Gizem’in yurtdışına gidip fotoğrafçılık eğitimi almaya karar
vermesi ile yaşamındaki tek varlık nedenini kaybettiğini düşünüp gelecekle
ilgili planlarını değiştiriyor. Akademisyen olmaktan vazgeçip imam olmak için
başvuruyor ve bir dağ köyüne atanıyor. Orada aşk acılarını dindirmek için uzun
yürüyüşler yaparken define aramak için köye gelen bir adamın teklifini kabul
edince roman tamamen farklı bir mecraya kayıyor. Bu adamla tepedeki kaleye
çıkıp defineyi aradığı sırada yaşadığı olaylar sonucunda kendini dilsiz ve
hamile gencecik bir kadınla birlikte katil zanlısı olarak polisten kaçarken
buluyor kahramanımız.
Harun Candan iyi bir anlatıcı. “Hayalname” de bir ilk roman
olarak oldukça başarılı. Roman ilk bölümde dindar delikanlı ile özgür genç
kadının aşk ilişkilerinde yaşadıkları değerler ve inançlar çatışması olarak
gelişecekmiş gibi görünse de ikinci bölümde bir cinayet romanı, polisiye
havasına bürünüyor. Aşk öyküsü de bırakıldığı yerde kalıyor. Hatta kahramanımız
kazara işlediği cinayetin tek tanığı olan ve adını bile öğrenemeyip Lâl diye
seslendiği genç kadına ilgi duymaya, onunla evlenip karnındaki çocuğa baba olup
bir aile kurmaya bile niyetleniyor, o yönde teşebbüslerde bulunuyor.

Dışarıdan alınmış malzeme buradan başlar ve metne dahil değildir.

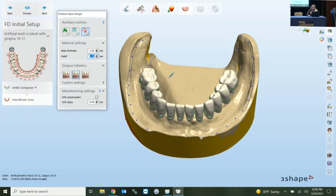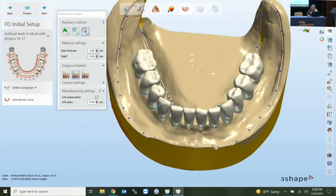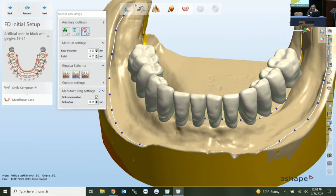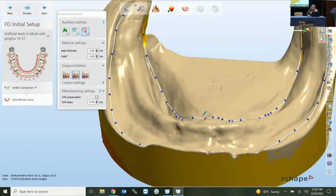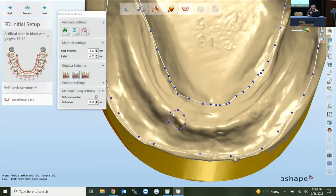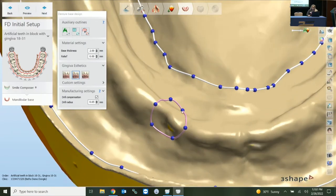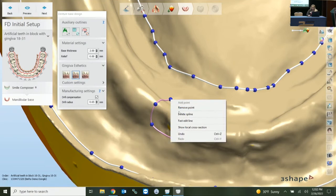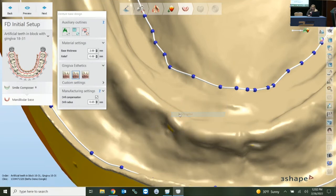Once your pencil is activated, you come in and draw a circle around the area. You can see the spline color is different — it's pink, giving you a visual cue that it's different from your actual outline. You can right-click and delete the spline as well. On the left you also have base thickness — let's change that to 2.5 millimeters.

“Hayalname”nin kahramanının esas özelliği ve romanı farklı
kılan yanı çok evhamlı, aşırı temkinli biri olması. Olayları daha yaşanmadan
kafasında sonuçlandırıyor. Ama tüm temkinliliğine rağmen en olmayacak işlere de
giriveriyor. Gizem’le fotoğrafını alma bahanesi ile buluşması bunların en az
tehlikelisi ise yeni tanıdığı bir adamla define aramaya gitmesi de en
tehlikelisi. Anlattıklarını hep kadere bağlasa da başına gelenlerin nedeninin
kendi ruh hali olduğunu anlıyoruz.
“Hayalname”nin finali ise bence tartışılmalı. “Dünya hayatı
yanılsamadır, rüyadır” deyip tüm anlattıklarının bir kurgu olduğunu vurgulamak
ve “Kadere iman etmelisin” mesajı ile noktayı koymak işin biraz kolayına kaçmak
gibi olmuş. Kahramanımız o “rüya”dan uyanmasaydı başına neler gelecek, sonunda
adalet yerini nasıl bulacaktı merak etmemek elde değil. Ben, Harun Candan’ın
romanı başladığı yere döndürmek yerine tamamlayıp son noktayı koymasını tercih
ederdim.
“Hayalname” keyifle, merakla okunan, edebi tadı yerinde bir
roman. Keşke yayınevi arka kapakta şiirsel ve gizemli cümleler kullanmak yerine
romanın polisiye - macera niteliğini de belirten bir tanıtım yapsaydı. Belki o
zaman okura daha hızlı ulaşır, daha çok okunma şansı olurdu.